Gospel Reflection for Sunday the 4th of April 2021
To view the Gospel for Sunday please click here!
Easter Sunday
John 20:1-9
Every Gospel story has its own powerful message. This Gospel has a power and a beauty that is really compelling. It is a Gospel about absence. Jesus is nowhere to be seen. The centre of our Christian faith is the person of Jesus. His absence in the text manages to be both a disturbance and a consolation. Accustomed as we are to reading quickly it is a slow reading of the text that reveals treasures that can be easily overlooked. This is a text that speaks to a quiet heart.

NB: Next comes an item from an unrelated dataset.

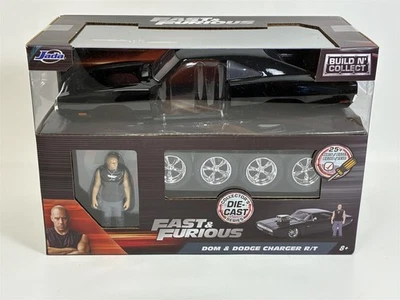 Fast and Furious Dom Figure and Dodge Charger RT Build 1:24 Jada 35905 - Image 1 of 4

The scene is set with Mary Magdalene walking to the tomb in the dark. It is a striking image. Mary is on a mission to keep vigil in the dark. Would it not have been safer to travel in daylight? On finding the stone moved away she runs back to the others. She expresses her first thoughts which are that the body of Jesus has been stolen. Perhaps that is not such an outlandish thought. If Jesus had been speaking about rising on the third day perhaps it would have been the intention of the Romans to publicly exhibit the dead body of Jesus on the fourth day after His death. It would certainly be a way of killing rumours of resurrection. The Romans were good at killing bodies. Perhaps they were almost at skilled at killing new religious movements?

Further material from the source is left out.